If you're looking to label the categorical variables, which is presumably what you're mostly concerned about based on your question, this should be fairly straightforward. You'll see code that looks like this:
value RACEF
1 = 'Caucasian'
2 = 'African-American'
3 = 'Hispanic'
4 = 'Other'
;
You just need to parse that into a vector.
If you're lucky, their category format names will be identical to the column names (maybe with an F like I have in that example); if that's the case you can probably just work out how to apply them directly.

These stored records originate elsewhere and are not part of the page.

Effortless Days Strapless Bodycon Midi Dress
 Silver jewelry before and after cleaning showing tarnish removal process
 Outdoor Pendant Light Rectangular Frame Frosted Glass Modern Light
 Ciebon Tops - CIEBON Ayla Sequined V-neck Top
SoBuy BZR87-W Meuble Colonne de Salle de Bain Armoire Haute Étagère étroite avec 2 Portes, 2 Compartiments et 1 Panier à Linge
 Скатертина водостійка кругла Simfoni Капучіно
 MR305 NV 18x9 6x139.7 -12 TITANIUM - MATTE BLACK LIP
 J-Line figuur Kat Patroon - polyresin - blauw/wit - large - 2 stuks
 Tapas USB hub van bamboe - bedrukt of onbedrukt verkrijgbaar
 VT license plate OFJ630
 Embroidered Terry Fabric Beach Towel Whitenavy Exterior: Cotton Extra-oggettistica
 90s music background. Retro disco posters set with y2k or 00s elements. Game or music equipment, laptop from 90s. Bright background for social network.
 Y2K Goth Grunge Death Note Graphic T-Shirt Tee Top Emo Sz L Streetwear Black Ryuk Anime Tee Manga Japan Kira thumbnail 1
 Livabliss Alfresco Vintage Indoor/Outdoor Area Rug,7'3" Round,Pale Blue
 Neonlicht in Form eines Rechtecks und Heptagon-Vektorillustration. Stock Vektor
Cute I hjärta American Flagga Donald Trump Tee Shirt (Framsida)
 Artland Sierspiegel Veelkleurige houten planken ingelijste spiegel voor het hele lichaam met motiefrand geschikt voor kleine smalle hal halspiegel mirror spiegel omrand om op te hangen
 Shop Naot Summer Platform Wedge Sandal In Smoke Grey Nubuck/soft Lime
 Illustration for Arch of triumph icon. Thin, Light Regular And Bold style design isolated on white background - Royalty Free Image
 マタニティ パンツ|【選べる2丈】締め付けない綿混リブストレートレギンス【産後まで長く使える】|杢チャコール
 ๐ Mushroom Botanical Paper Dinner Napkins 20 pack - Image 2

If it's not, you'll have to parse the second half of the program. It will consist of lines like this:
format
race RACEF.
gender SEXF.
income INCRF.
...
;
That of course shows the relationship between column name and format name, and thus tells you which vector of column names you should use to label which column.